[[ Entries shown open ]]

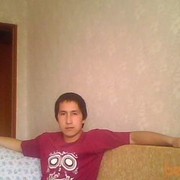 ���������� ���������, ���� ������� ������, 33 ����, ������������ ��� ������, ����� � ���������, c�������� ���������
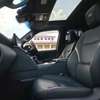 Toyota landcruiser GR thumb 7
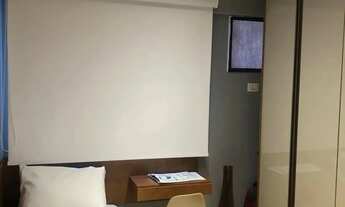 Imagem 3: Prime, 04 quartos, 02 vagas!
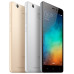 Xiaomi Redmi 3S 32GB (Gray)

[[ Entries shown closed ]]
[[ Entries shown open ]]

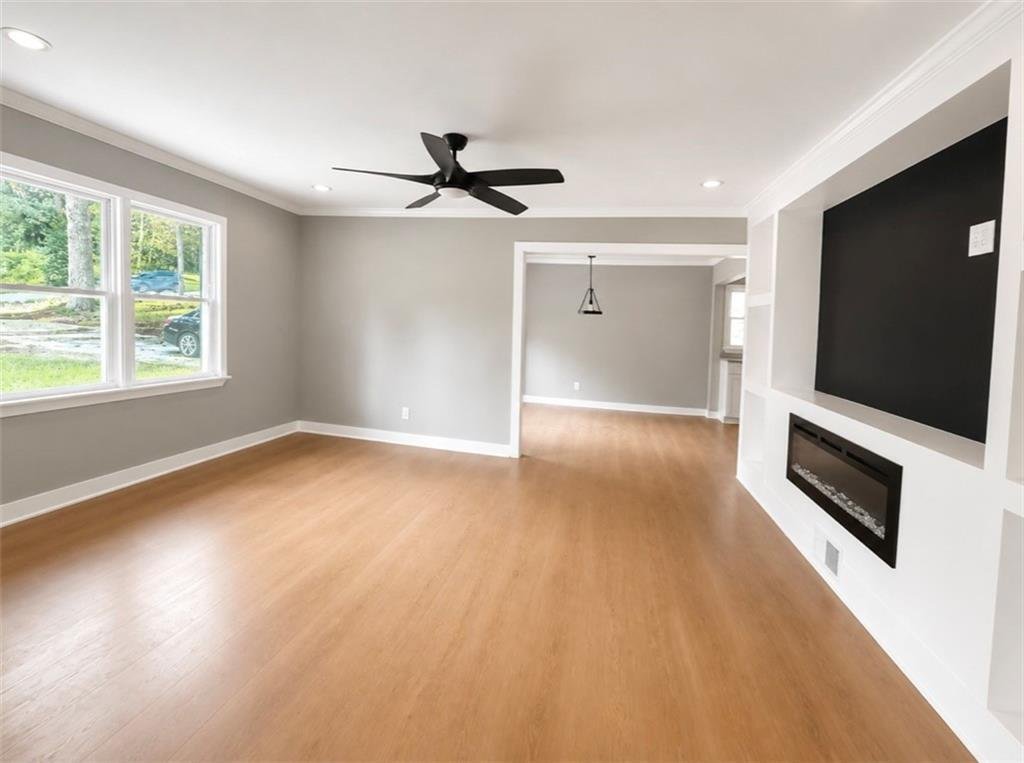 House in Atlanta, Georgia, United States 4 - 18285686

[[ Entries shown closed ]]
[[ Entries shown open ]]

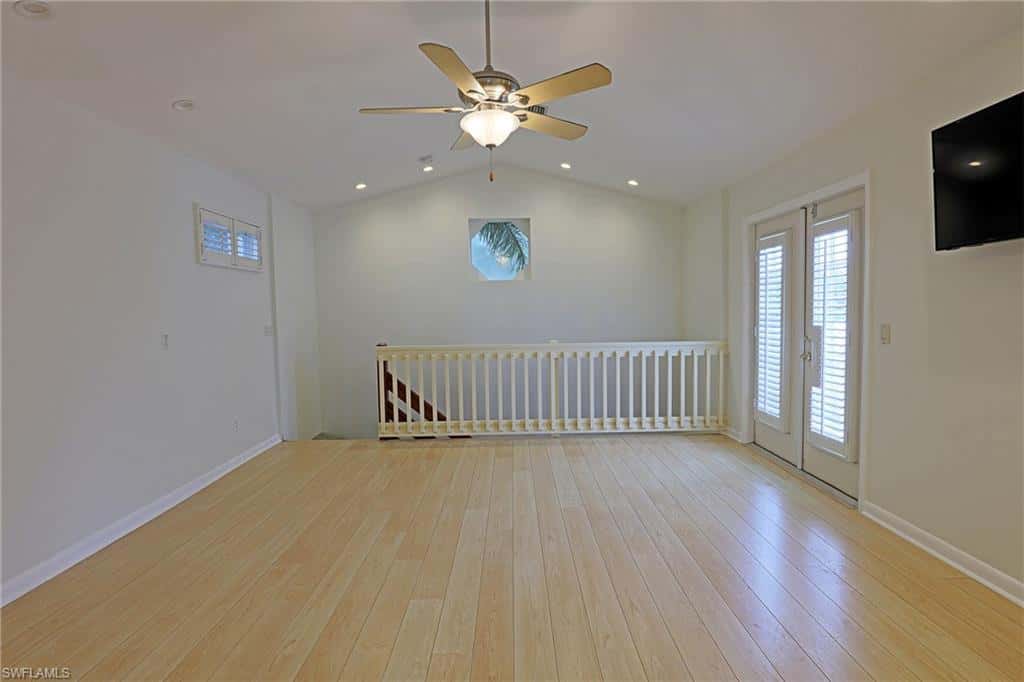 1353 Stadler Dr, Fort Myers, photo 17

[[ Entries shown closed ]]

# Directions for this task:
Reproduce the listing above exactly from the line containing "Toyota landcruiser GR thumb 7" up to and including the line containing "Xiaomi Redmi 3S 32GB (Gray)", omitting any images and everything outside those lines.

# Written response:
 Toyota landcruiser GR thumb 7
 Imagem 3: Prime, 04 quartos, 02 vagas!
 Xiaomi Redmi 3S 32GB (Gray)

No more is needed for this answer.